**Task details**
No pictures belong in the answer. Repeat all the entries exactly.

Supplied data START

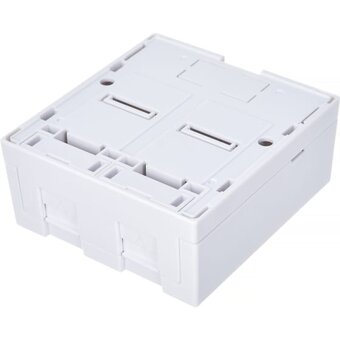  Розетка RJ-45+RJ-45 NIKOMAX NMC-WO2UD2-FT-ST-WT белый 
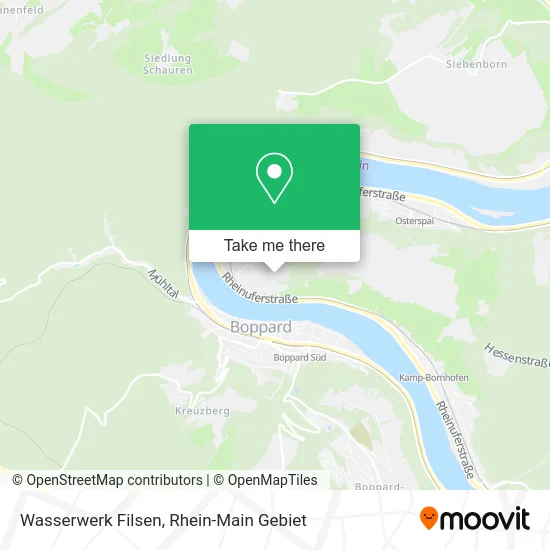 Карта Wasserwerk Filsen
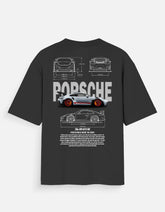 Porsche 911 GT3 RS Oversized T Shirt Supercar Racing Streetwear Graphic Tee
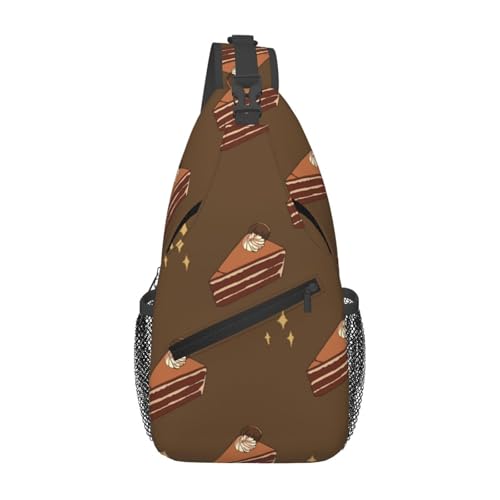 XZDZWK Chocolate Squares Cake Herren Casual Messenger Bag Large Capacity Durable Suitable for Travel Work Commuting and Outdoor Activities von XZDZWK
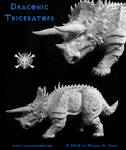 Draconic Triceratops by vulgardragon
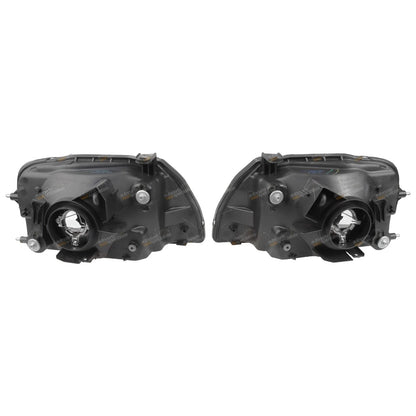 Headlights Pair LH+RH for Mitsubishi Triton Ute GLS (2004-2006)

Supplied data END

**Output of the task**
  Розетка RJ-45+RJ-45 NIKOMAX NMC-WO2UD2-FT-ST-WT белый 
 Карта Wasserwerk Filsen
 Porsche 911 GT3 RS Oversized T Shirt Supercar Racing Streetwear Graphic Tee
 XZDZWK Chocolate Squares Cake Herren Casual Messenger Bag Large Capacity Durable Suitable for Travel Work Commuting and Outdoor Activities von XZDZWK
 Draconic Triceratops by vulgardragon
 Headlights Pair LH+RH for Mitsubishi Triton Ute GLS (2004-2006)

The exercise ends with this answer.